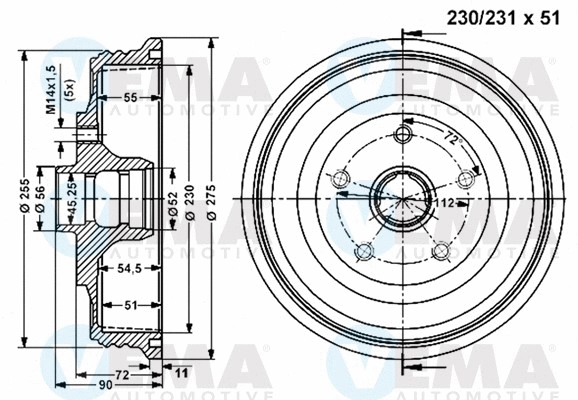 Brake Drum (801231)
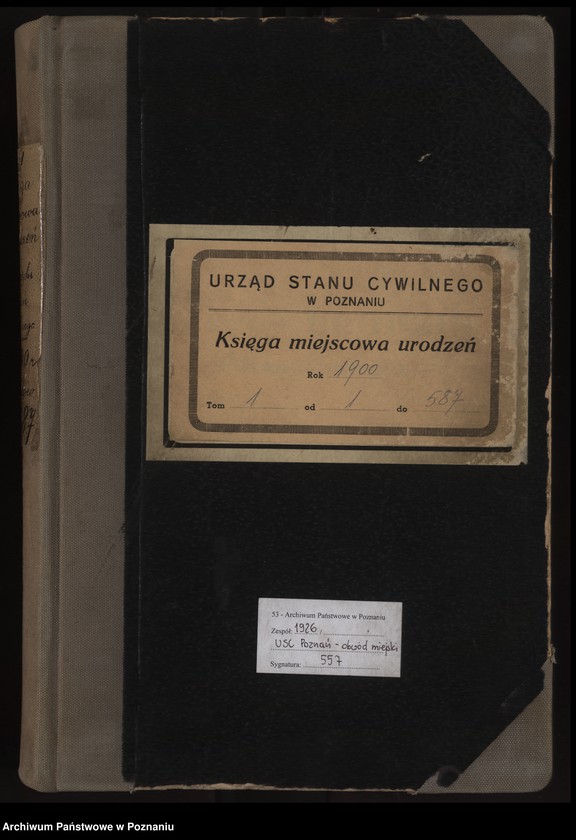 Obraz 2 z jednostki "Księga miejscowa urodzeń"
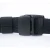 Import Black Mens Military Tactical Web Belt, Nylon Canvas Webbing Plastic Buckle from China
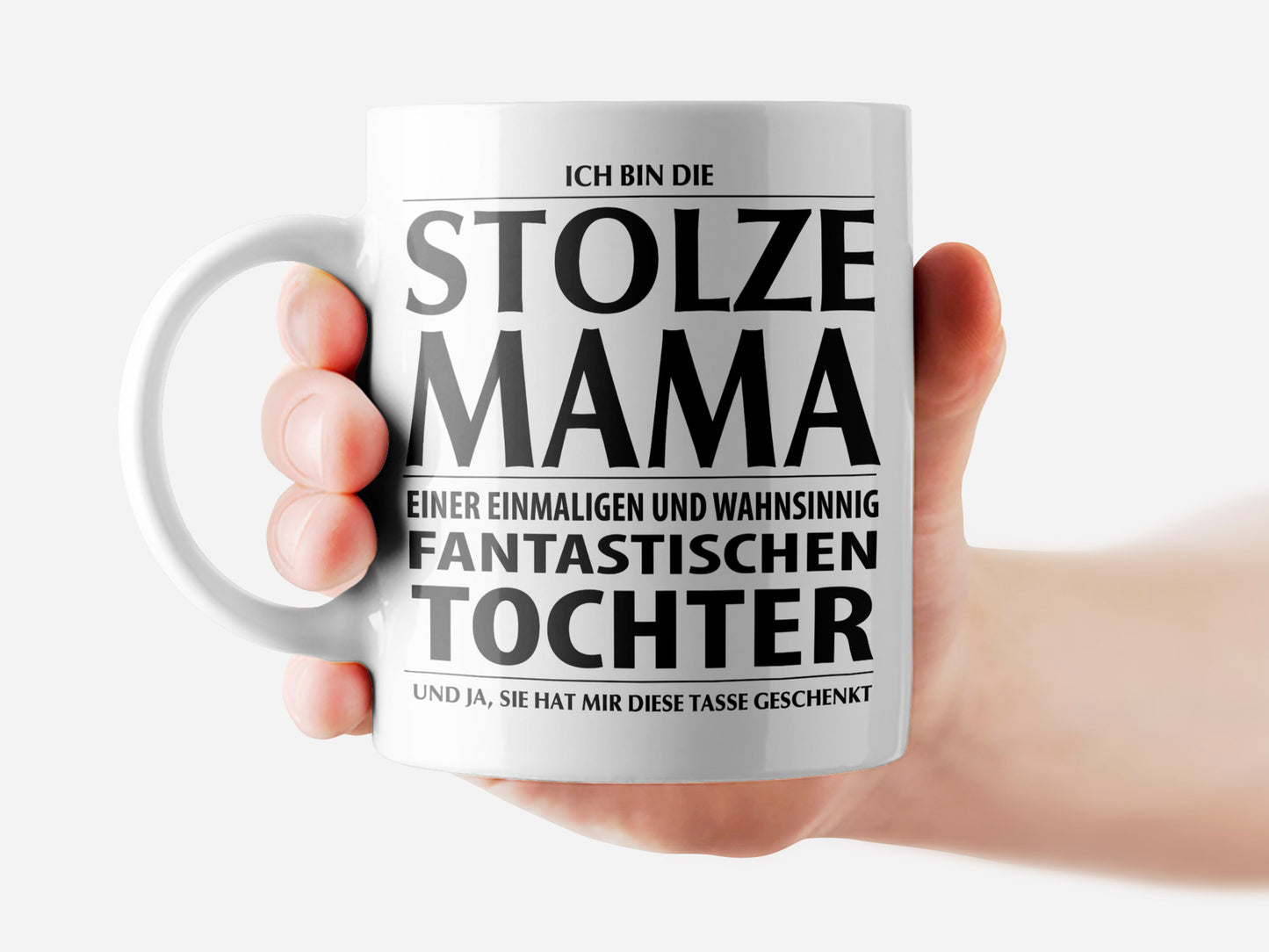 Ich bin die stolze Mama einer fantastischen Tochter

--------------------------------------------------

# Work instruction:
Without including any picture, output all the material exactly as it appears.

# Result of this exercise:
 Brake Drum (801231)
 Obraz 2 z jednostki "Księga miejscowa urodzeń"
 Import Black Mens Military Tactical Web Belt, Nylon Canvas Webbing Plastic Buckle from China
 Ich bin die stolze Mama einer fantastischen Tochter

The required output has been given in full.